--- START ---
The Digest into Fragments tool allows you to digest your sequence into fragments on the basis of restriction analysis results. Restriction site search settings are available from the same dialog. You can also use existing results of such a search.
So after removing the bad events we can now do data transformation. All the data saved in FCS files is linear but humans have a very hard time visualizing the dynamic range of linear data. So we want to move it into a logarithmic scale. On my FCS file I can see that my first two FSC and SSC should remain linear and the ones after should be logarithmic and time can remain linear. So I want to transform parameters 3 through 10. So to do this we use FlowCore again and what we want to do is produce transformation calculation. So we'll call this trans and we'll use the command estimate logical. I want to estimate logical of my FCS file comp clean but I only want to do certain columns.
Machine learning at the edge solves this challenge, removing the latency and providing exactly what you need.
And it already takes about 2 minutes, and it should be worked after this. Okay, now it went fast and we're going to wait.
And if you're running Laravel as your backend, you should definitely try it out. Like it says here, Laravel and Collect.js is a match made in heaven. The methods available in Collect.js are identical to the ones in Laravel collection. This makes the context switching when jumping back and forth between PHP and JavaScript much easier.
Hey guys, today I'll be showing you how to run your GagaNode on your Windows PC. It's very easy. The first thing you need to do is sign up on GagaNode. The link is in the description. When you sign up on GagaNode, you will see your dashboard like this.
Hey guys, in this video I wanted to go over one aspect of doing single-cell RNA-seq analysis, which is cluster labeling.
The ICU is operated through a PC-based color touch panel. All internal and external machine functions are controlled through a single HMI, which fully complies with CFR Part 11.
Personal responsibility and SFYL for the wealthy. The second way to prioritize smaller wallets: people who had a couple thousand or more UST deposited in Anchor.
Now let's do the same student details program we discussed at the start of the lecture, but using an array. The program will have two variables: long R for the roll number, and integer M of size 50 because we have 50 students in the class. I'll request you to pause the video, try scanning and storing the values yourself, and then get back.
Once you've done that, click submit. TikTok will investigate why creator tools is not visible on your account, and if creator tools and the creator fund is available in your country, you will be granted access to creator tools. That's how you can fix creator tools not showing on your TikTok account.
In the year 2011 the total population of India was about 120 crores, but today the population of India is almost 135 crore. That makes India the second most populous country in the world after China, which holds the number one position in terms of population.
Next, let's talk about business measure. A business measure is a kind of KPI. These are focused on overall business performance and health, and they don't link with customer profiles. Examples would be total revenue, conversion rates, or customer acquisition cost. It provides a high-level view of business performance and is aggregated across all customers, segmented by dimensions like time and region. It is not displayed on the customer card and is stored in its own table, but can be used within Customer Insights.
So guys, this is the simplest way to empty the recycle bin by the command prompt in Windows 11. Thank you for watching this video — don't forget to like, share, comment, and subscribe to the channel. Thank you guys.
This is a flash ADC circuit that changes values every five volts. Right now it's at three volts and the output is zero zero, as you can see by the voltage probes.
--- END ---
#### WHAT YOU HAVE TO DO:
Each line above must be reproduced exactly as it stands.

#### OUTPUT:
The Digest into Fragments tool allows you to digest your sequence into fragments on the basis of restriction analysis results. Restriction site search settings are available from the same dialog. You can also use existing results of such a search.
So after removing the bad events we can now do data transformation. All the data saved in FCS files is linear but humans have a very hard time visualizing the dynamic range of linear data. So we want to move it into a logarithmic scale. On my FCS file I can see that my first two FSC and SSC should remain linear and the ones after should be logarithmic and time can remain linear. So I want to transform parameters 3 through 10. So to do this we use FlowCore again and what we want to do is produce transformation calculation. So we'll call this trans and we'll use the command estimate logical. I want to estimate logical of my FCS file comp clean but I only want to do certain columns.
Machine learning at the edge solves this challenge, removing the latency and providing exactly what you need.
And it already takes about 2 minutes, and it should be worked after this. Okay, now it went fast and we're going to wait.
And if you're running Laravel as your backend, you should definitely try it out. Like it says here, Laravel and Collect.js is a match made in heaven. The methods available in Collect.js are identical to the ones in Laravel collection. This makes the context switching when jumping back and forth between PHP and JavaScript much easier.
Hey guys, today I'll be showing you how to run your GagaNode on your Windows PC. It's very easy. The first thing you need to do is sign up on GagaNode. The link is in the description. When you sign up on GagaNode, you will see your dashboard like this.
Hey guys, in this video I wanted to go over one aspect of doing single-cell RNA-seq analysis, which is cluster labeling.
The ICU is operated through a PC-based color touch panel. All internal and external machine functions are controlled through a single HMI, which fully complies with CFR Part 11.
Personal responsibility and SFYL for the wealthy. The second way to prioritize smaller wallets: people who had a couple thousand or more UST deposited in Anchor.
Now let's do the same student details program we discussed at the start of the lecture, but using an array. The program will have two variables: long R for the roll number, and integer M of size 50 because we have 50 students in the class. I'll request you to pause the video, try scanning and storing the values yourself, and then get back.
Once you've done that, click submit. TikTok will investigate why creator tools is not visible on your account, and if creator tools and the creator fund is available in your country, you will be granted access to creator tools. That's how you can fix creator tools not showing on your TikTok account.
In the year 2011 the total population of India was about 120 crores, but today the population of India is almost 135 crore. That makes India the second most populous country in the world after China, which holds the number one position in terms of population.
Next, let's talk about business measure. A business measure is a kind of KPI. These are focused on overall business performance and health, and they don't link with customer profiles. Examples would be total revenue, conversion rates, or customer acquisition cost. It provides a high-level view of business performance and is aggregated across all customers, segmented by dimensions like time and region. It is not displayed on the customer card and is stored in its own table, but can be used within Customer Insights.
So guys, this is the simplest way to empty the recycle bin by the command prompt in Windows 11. Thank you for watching this video — don't forget to like, share, comment, and subscribe to the channel. Thank you guys.
This is a flash ADC circuit that changes values every five volts. Right now it's at three volts and the output is zero zero, as you can see by the voltage probes.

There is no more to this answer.